As such, labour unions seem to have forgotten that
their main role is to save jobs. Instead they have indulged
in regularly advising workers to petition for involuntary
windings-up so that workers can get their hands on the
fat pockets of the Protection of Wages on Insolvency
Fund (PWIF) - despite the possible delays and the limitations
inherent in this compensation.
It would be fair to say that nobody cares about the
demise of a corporate person. In the corporate world,
where only the fittest survive, the focus is clearly
on tearing off the last ounce of flesh before a company
goes under. This is not, however, the way it has to
be, albeit that Hong Kong's insolvency legislation is
antiquated.

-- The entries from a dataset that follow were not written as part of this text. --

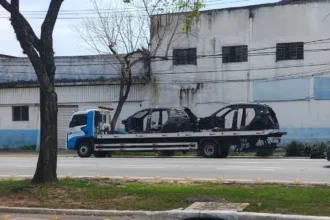esquema-desvia-54-carros-zero-km-de-montadora-em-anapolis-e-causa-prejuizo-de-r$-8,7-milhoes,-diz-mp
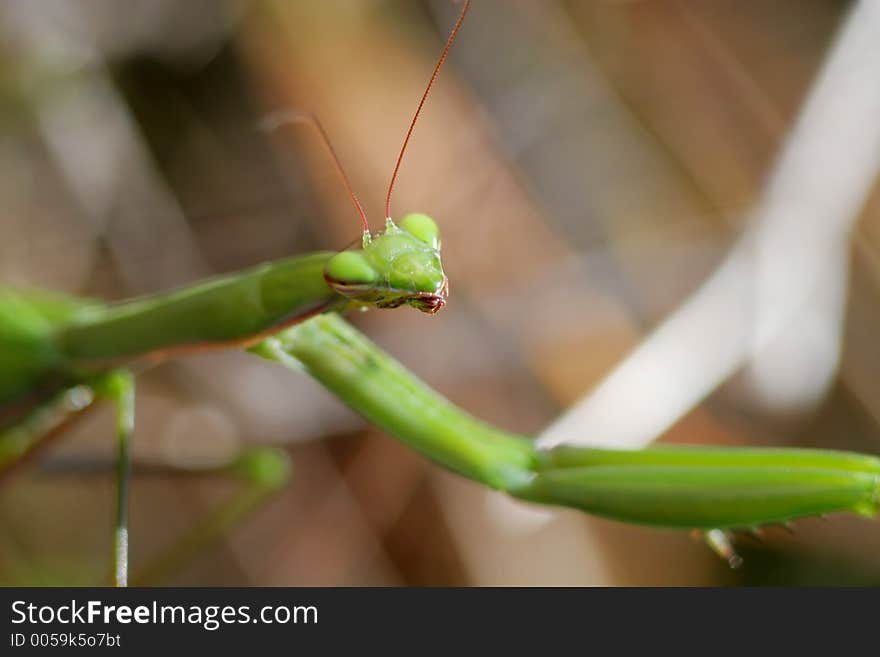 Head of a mantis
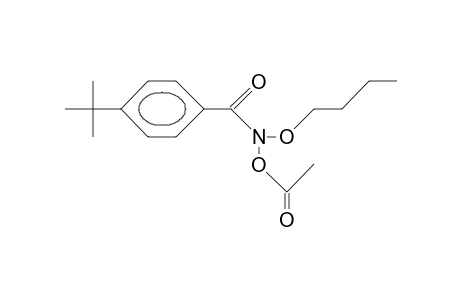 N-Acetoxy-P-tert-butyl-benzohydroxamic acid, butyl ester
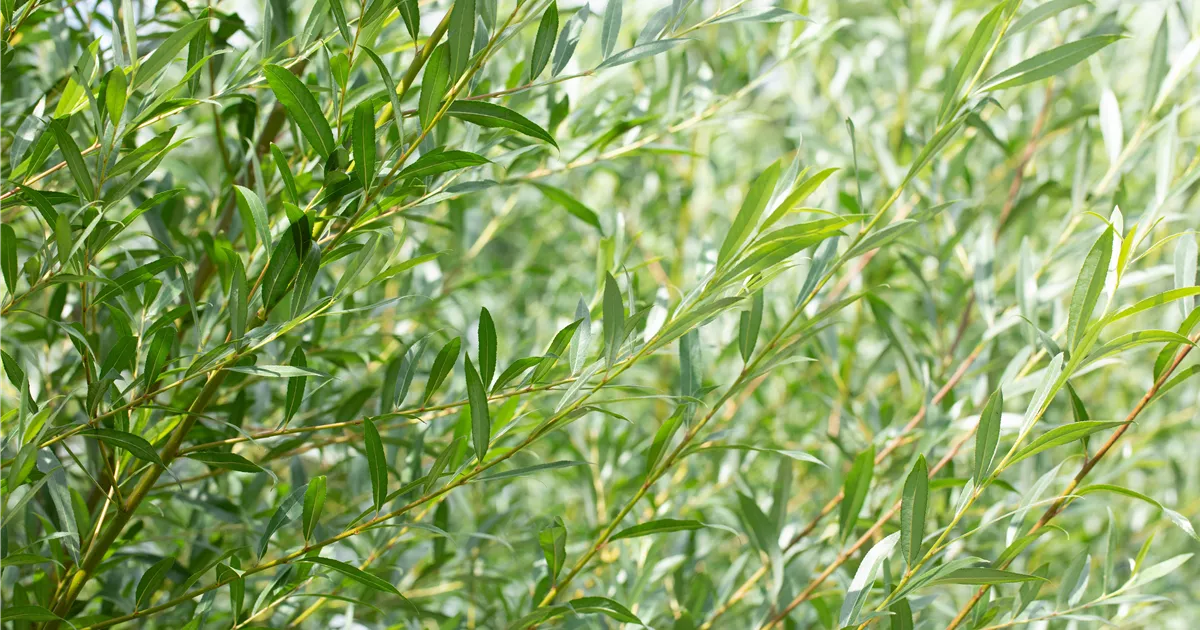 Salix daphnoides Praecox°
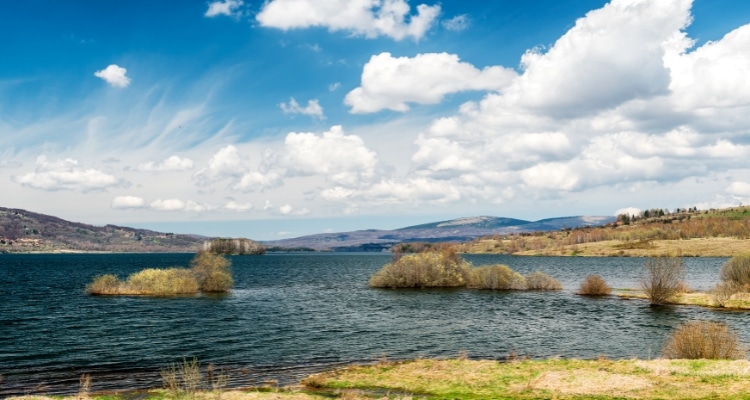 Vlasina
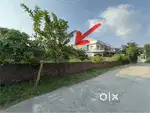 240 Gaj residential plot for sale in badrish colony near kargi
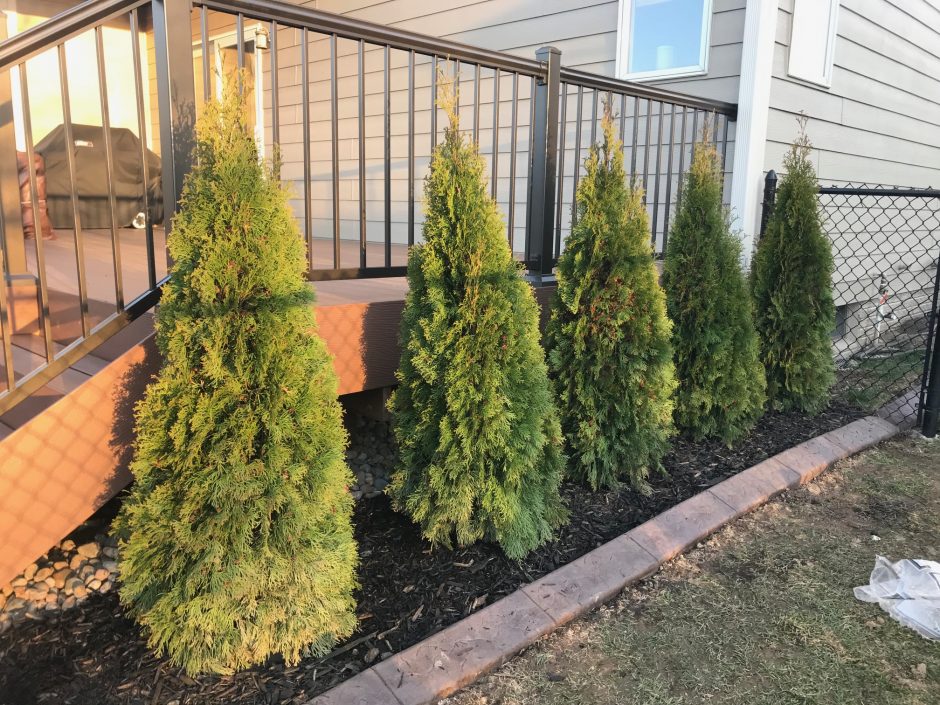 Everything You Need To Know About The Emerald Green Arborvitae Tree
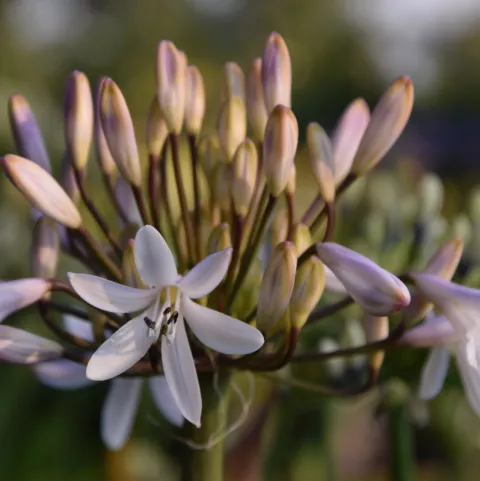Agapanthus 'Margarita'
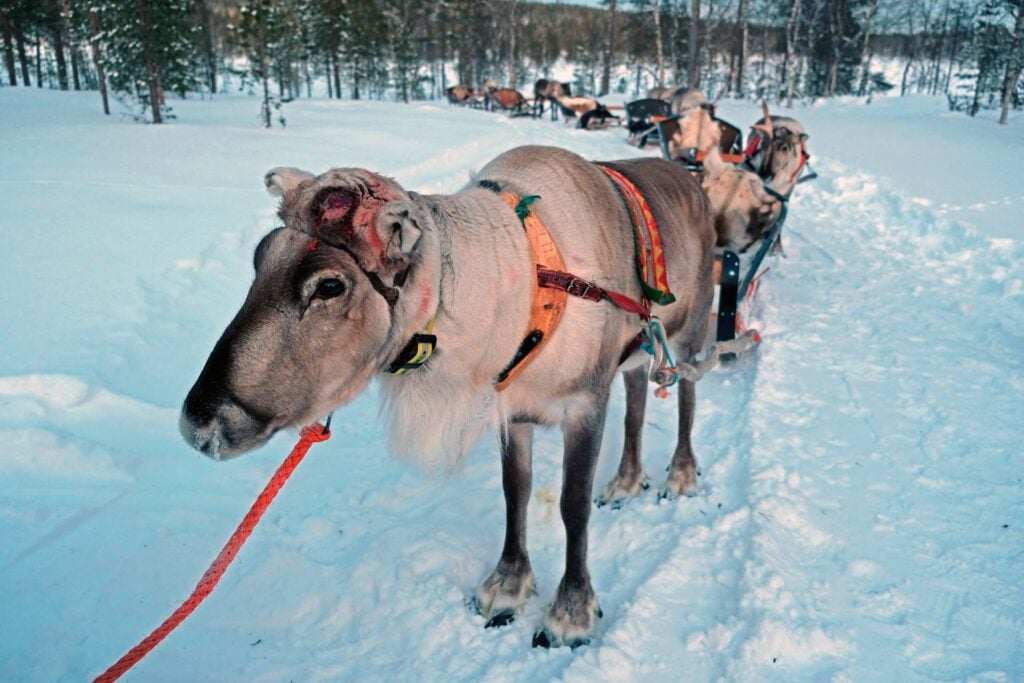 Lapland met kinderen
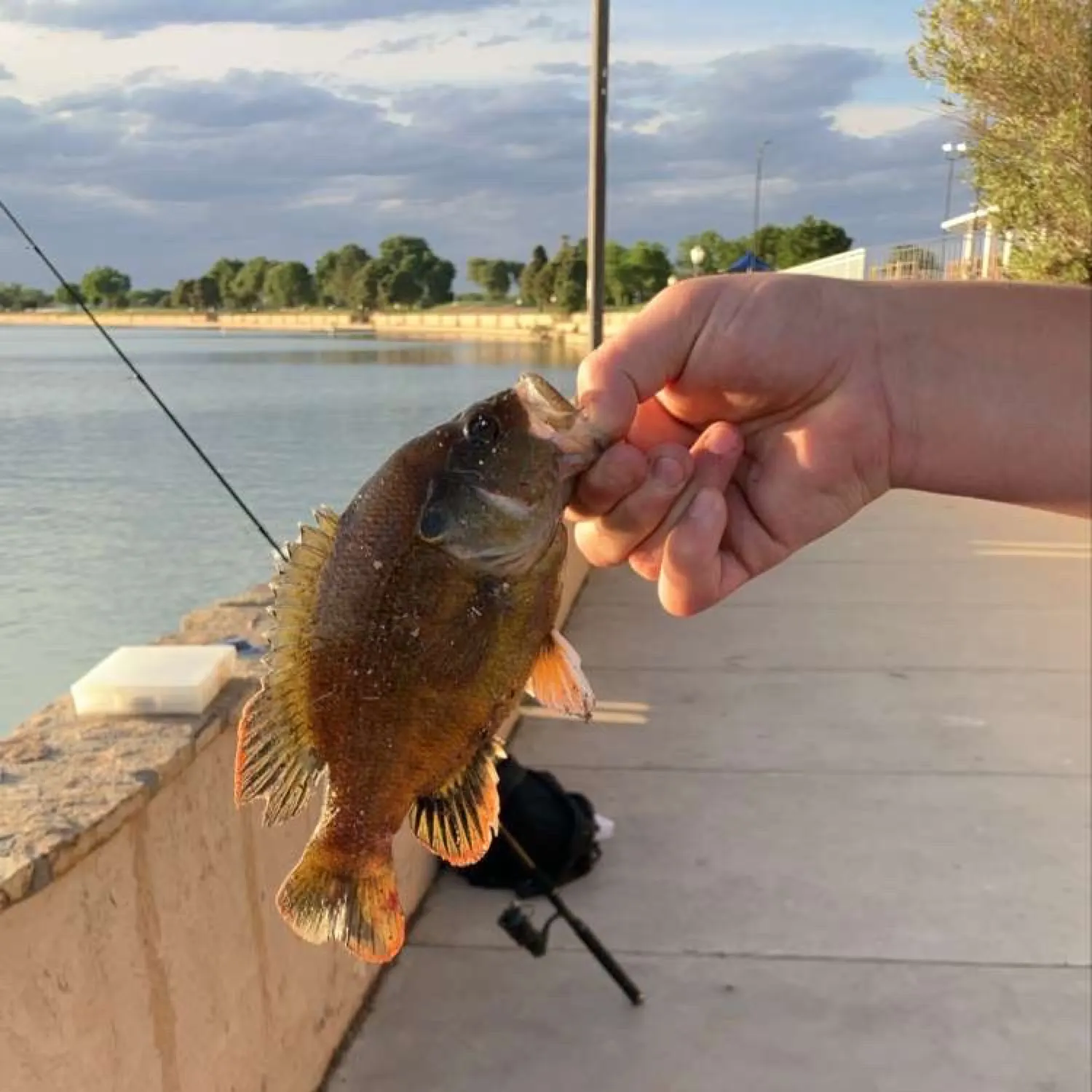 catch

We can and should use our accountants as
corporate doctors in helping to implement corporate
rescues, a role that is often grossly misunderstood
and its value vastly underestimated.
From the outset of the financial turmoil early last
year, I have been appealing to the Government to review
urgently its insolvency legislation to help businesses
save jobs. But, despite having lobbied for this since
1998, the Government has done far too little, far too
late. At present, Hong Kong's regime only provides winding-up
procedures for companies in financial difficulty, resulting
in many long-established businesses, which may have
made just one mistake too many (perhaps a bad business
investment or a single unfortunate turn of events),
being forced to close down.
It is not surprising therefore that, in the attempt
to defer this 'capital punishment', many businesses
have tried to cover up their problems rather than deal
with them. Of course, a few unscrupulous businesses
may actually have chosen to squeeze dry their company's
assets leaving bewildered official receivers to clean
up the mess.
In many developed countries such as the US and Australia,
corporate rescue frameworks have been developed to supplement
insolvency legislation. In simple terms, companies are
given time off (i.e. a moratorium) from having to repay
their debts. Also, new investors who step-in to bail
companies out of short-term financial crises may be
given preferential treatment in terms of repayments
and security on assets.
Companies in these countries often call in professional
specialists to help them restructure their businesses,
i.e. to salvage any profitable operations and strengthen
the management. If these plans succeed, the viable part
of the business is saved and job losses are greatly
reduced. In the longer term, creditors may even be rewarded
with a better pay-off.
This is perhaps the formula originally envisaged by
the Law Reform Commission and by the Government in its
consultation paper 'Corporate Rescue and the Protection
of Wages on Insolvency Fund'. However, the Government's
proposals have shied away from taking a clear stance
when it comes to tackling workers' wages.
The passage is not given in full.